Depuis son arrivée au pouvoir début 2018, le président Jair Bolsonaro a permis une présence militaire inégalée au sein du gouvernement et de l’administration – toutes forces armées confondues. Plus de 6 000 militaires assument aujourd’hui de hautes responsabilités dans des ministères, des agences fédérales ou encore des entreprises publiques. Bien qu’en partie rejeté par l’élite militaire, le président d’extrême droite ne cesse de menacer d’agir « en dehors de la Constitution », alimentant ainsi des rumeurs de coup d’État.

Début août, en pleine crise avec les institutions judiciaires de son pays, le président Bolsonaro été jusqu’à faire défiler chars d’assaut et blindés de l’armée devant le Parlement. Une première depuis le retour de la démocratie au Brésil en 1985, mais surtout un geste symbolique soutenu par les militaires les plus proches du président.
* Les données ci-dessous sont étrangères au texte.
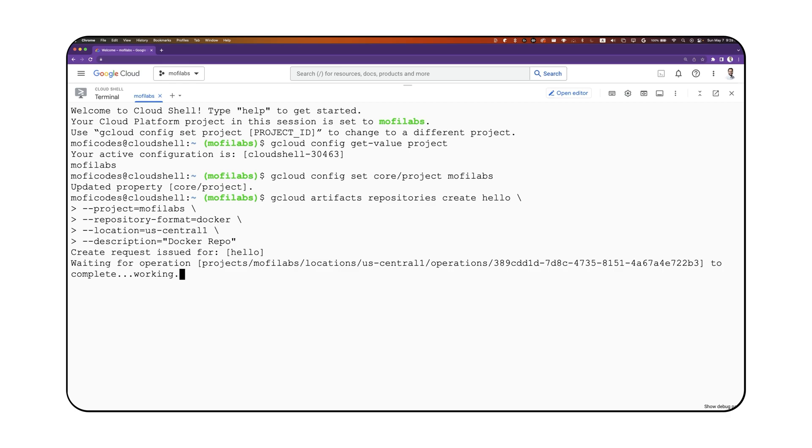Once you run this command, this will take a few seconds, and we'll have our repository created. I'll see you next time. Thank you.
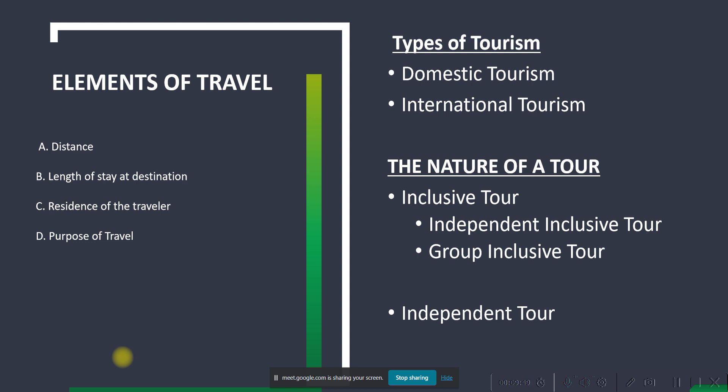We also discussed the elements of travel: distance, length of stay, residence of the traveler, and purpose of travel. We also covered types of tourism — domestic and international tourism — and the nature of a tour: inclusive tour, meaning availing a tour package, and whether it's independent or group. An independent tour means you avail the tourism services on your own without a tour operator or travel agency to arrange your itinerary.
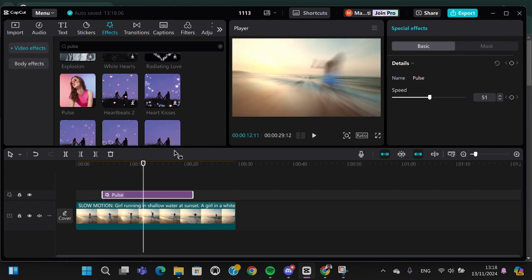Okay guys, and that's all the way to add a pulse effect to our video in CapCut PC. I hope this tutorial will be useful for you. Thank you so much for watching and bye!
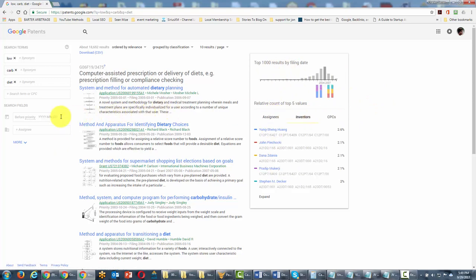You can also narrow down the terms inside of Google patents as well as do it by date.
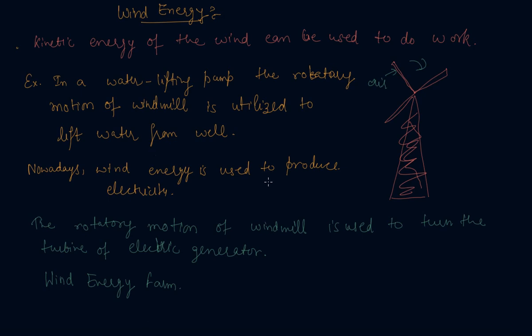So students, by this, we have covered wind energy. If you have any doubt or any question based on this, please comment in the comment sections. In the next lecture, I will be discussing non-conventional sources of energy. So stay tuned for the next lecture on non-conventional resources of energy. Thank you.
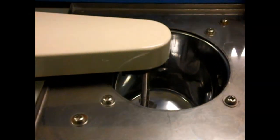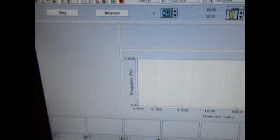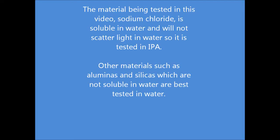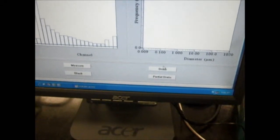To start a run, the first thing we want to do is clean out the analyzer. To do that, we need the circulation bath. I'm going to open a bottle of IPA and pour IPA into the cell. Then on the computer, I'm going to go to the Measurement button and select Drain. The only way to get liquid out of the circulation bath is through Drain, so I'll select Drain and the machine will drain the liquid through.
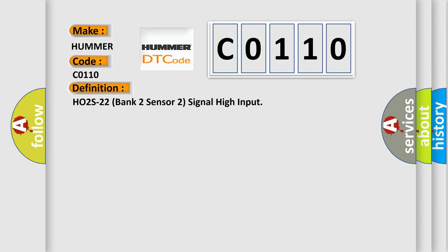The basic definition is HO2S22 bank 2 sensor 2 signal high input. And now this is a short description of this DTC code.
Une minorité très active, à l’image du général Augusto Heleno, grand nostalgique de la dictature en charge du discret cabinet de la sécurité institutionnelle, qui a récemment défendu la constitutionnalité d’un nouveau coup d’État militaire au Brésil.

Pour Guaracy Mingardi, du Forum brésilien de la sécurité publique, les conséquences de la radicalisation des policiers militaires pourraient être plus sournoises qu’un coup d’État assumé. « La participation de policiers militaires (aux manifestations du 7 septembre) va faire peur et porter préjudice à la démocratie du pays, car la pression d’une force armée, quelle qu’elle soit, provoque une radicalisation de l’opposition », affirme-t-il. Un scénario d’autant plus inquiétant que Jair Bolsonaro est sorti perdant en août d’un combat pour abroger le système de vote électronique, en vigueur depuis 1996. Après cette défaite, face à une popularité en chute, il a déjà fait part de son intention de contester les résultats de l’élection de 2022.